*** Supplied data ***

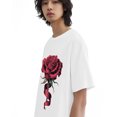 thumbnail image 2 of Men's T Shirts, Romantic Dark Red Ribbon Rose Floral T-Shirt for Men Crew Neck Tees Cotton Tops, White, 5XL, 2 of 9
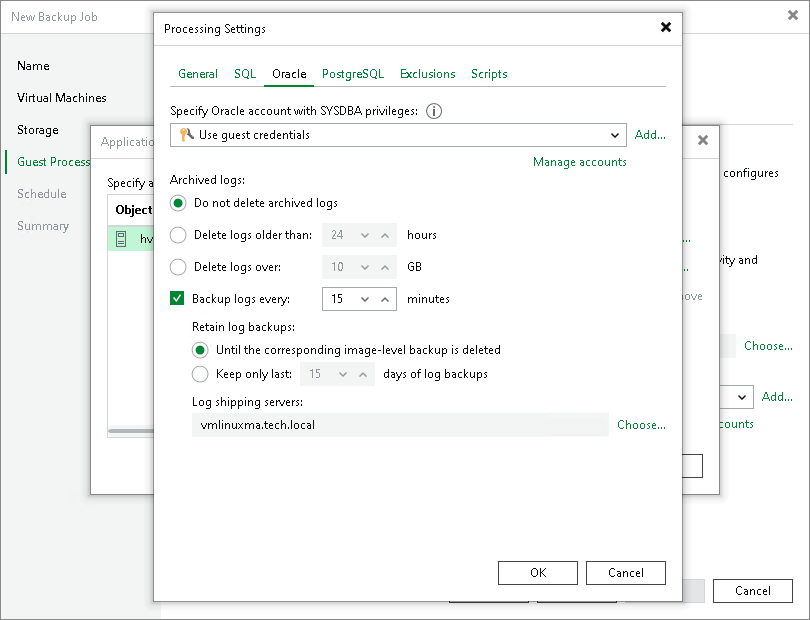 Oracle Archived Redo Log Settings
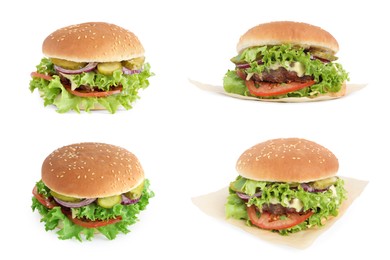 Image of Collage with delicious burgers on white background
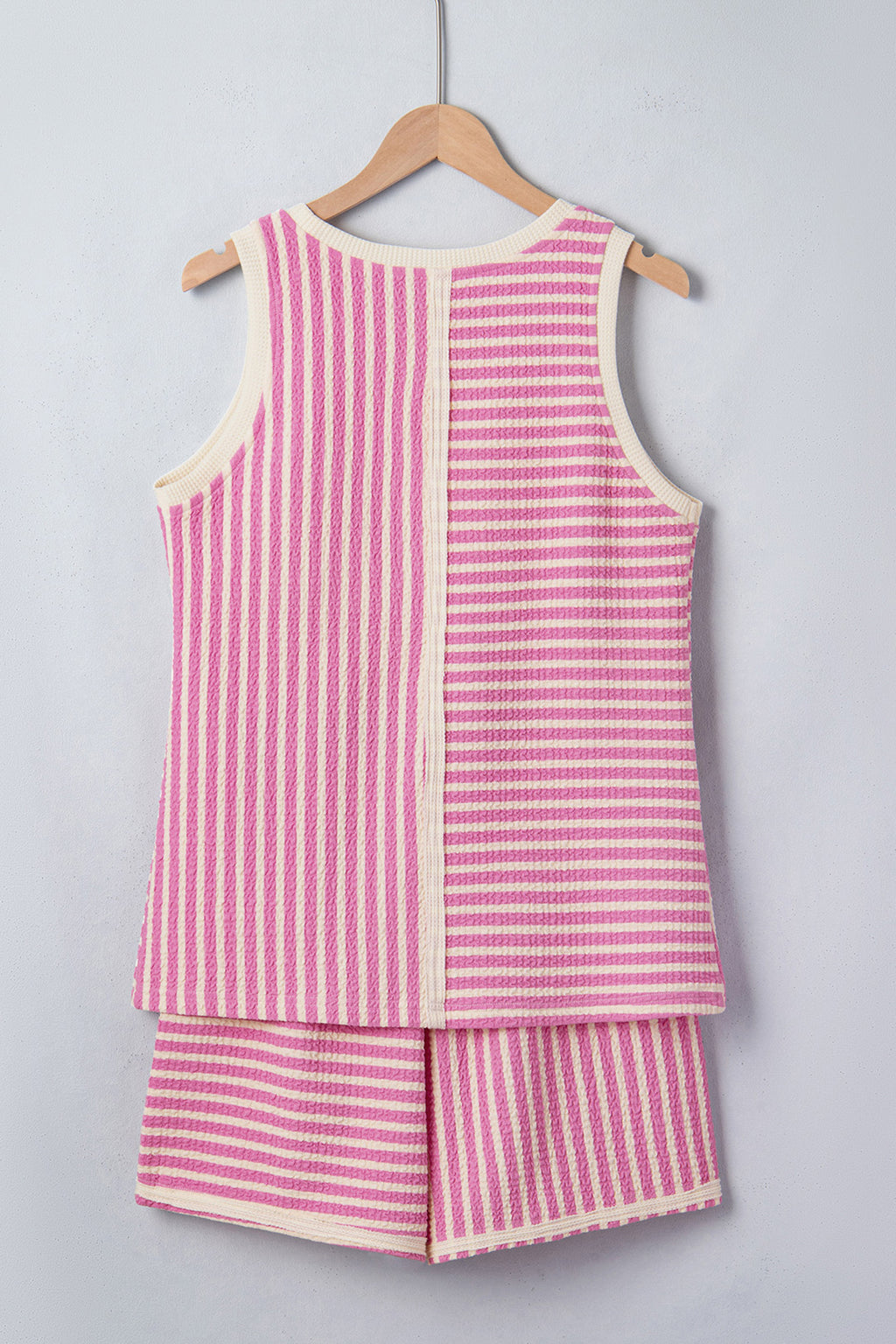 "Boxed In" Pink Stripe Tank and Shorts Set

***

## Required action
From the material above, output every line exactly as written, dropping any picture.

## Answer section
 thumbnail image 2 of Men's T Shirts, Romantic Dark Red Ribbon Rose Floral T-Shirt for Men Crew Neck Tees Cotton Tops, White, 5XL, 2 of 9
 Oracle Archived Redo Log Settings
 Image of Collage with delicious burgers on white background
 "Boxed In" Pink Stripe Tank and Shorts Set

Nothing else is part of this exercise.